(Recorded data)
Content starts

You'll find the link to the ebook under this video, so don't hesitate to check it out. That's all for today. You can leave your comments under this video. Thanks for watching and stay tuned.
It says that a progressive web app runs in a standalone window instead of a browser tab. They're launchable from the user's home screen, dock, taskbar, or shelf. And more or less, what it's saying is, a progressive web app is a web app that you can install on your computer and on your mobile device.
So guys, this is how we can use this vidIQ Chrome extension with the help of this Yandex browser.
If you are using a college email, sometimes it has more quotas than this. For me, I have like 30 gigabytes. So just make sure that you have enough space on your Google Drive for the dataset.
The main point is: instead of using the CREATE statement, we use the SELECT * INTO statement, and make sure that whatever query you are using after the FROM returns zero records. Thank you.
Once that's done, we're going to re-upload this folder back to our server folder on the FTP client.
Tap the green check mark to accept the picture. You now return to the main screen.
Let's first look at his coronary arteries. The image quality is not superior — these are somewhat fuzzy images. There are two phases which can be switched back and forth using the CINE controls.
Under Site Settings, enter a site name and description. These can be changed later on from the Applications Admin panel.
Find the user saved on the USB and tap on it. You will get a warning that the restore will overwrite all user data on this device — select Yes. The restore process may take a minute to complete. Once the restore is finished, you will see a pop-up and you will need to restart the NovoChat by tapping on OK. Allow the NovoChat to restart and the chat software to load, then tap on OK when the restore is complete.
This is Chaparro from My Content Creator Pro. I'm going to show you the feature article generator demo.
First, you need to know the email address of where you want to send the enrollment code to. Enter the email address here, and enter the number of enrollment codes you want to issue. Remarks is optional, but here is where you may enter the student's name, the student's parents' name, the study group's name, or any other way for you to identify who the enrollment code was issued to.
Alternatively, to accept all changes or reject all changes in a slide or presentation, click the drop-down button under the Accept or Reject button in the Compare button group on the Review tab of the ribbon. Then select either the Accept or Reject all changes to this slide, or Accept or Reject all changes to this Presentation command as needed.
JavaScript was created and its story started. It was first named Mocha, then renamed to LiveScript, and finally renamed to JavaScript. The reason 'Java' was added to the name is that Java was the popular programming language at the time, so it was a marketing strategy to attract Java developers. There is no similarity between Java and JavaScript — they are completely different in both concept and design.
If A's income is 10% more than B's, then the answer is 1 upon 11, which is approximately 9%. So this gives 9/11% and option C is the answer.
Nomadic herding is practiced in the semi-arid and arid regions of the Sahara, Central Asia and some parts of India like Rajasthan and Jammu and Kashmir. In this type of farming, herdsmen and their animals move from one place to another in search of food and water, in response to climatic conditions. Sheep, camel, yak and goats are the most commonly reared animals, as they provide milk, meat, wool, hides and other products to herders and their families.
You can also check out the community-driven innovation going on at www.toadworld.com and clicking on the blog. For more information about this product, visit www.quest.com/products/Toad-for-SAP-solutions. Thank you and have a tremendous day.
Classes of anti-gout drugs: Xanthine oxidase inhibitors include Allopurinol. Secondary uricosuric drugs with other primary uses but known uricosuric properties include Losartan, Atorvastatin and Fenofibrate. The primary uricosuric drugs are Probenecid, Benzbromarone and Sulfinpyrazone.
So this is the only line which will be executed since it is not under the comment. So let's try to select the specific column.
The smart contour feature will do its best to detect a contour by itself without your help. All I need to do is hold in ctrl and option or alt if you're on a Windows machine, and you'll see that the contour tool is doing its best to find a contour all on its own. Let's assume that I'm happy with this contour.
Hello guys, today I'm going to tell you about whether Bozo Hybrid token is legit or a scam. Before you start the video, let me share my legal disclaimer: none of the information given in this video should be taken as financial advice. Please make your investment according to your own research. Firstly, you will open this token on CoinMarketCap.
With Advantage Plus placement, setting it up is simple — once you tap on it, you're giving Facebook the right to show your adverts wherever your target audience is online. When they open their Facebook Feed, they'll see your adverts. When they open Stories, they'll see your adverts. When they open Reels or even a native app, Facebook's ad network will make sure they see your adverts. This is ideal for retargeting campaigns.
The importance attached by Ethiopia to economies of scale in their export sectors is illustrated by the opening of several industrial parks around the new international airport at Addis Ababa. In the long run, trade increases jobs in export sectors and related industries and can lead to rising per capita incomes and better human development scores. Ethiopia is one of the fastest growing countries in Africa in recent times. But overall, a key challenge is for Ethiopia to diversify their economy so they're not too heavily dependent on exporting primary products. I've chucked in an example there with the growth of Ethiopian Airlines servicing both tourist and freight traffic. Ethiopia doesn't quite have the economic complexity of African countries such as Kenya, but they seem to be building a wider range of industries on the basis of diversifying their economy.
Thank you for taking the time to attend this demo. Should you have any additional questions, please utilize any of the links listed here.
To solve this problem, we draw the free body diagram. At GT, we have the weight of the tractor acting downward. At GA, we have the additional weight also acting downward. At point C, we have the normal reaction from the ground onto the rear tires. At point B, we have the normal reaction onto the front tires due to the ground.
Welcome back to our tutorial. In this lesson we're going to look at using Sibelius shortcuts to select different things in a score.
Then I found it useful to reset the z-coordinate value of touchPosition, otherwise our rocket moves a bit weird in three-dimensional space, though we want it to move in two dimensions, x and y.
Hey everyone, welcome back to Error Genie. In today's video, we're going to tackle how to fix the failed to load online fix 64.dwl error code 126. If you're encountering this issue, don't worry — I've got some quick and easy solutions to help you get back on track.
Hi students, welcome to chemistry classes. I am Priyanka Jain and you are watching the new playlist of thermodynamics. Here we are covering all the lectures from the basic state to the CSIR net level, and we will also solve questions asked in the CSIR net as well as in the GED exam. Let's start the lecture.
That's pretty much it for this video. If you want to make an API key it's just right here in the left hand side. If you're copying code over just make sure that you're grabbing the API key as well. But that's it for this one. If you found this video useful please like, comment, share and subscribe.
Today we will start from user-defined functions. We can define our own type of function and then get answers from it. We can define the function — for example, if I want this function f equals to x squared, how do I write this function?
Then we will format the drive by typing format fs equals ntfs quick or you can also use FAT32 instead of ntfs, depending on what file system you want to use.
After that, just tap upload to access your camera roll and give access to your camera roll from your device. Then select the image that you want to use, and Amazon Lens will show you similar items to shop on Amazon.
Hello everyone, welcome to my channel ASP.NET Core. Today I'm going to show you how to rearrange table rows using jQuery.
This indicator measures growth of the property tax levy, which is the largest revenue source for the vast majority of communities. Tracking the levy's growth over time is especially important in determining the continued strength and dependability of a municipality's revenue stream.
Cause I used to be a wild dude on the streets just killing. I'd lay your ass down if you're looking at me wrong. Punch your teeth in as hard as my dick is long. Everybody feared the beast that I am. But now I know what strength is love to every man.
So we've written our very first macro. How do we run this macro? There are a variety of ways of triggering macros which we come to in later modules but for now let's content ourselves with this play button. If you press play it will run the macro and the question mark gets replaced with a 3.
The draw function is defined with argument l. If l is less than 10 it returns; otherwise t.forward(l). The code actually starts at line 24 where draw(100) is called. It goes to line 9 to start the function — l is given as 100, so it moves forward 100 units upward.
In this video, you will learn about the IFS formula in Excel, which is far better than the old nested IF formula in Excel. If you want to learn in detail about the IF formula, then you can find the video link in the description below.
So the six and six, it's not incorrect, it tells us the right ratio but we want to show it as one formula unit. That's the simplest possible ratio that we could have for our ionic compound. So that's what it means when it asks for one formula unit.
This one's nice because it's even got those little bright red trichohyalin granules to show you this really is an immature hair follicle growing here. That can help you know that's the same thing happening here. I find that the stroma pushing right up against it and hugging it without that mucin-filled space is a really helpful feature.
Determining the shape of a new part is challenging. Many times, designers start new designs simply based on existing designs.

Content ends

## Task prompt
Your answer should consist of the lines above that hold the word "main", copied exactly.

## Final answer
The main point is: instead of using the CREATE statement, we use the SELECT * INTO statement, and make sure that whatever query you are using after the FROM returns zero records. Thank you.
Tap the green check mark to accept the picture. You now return to the main screen.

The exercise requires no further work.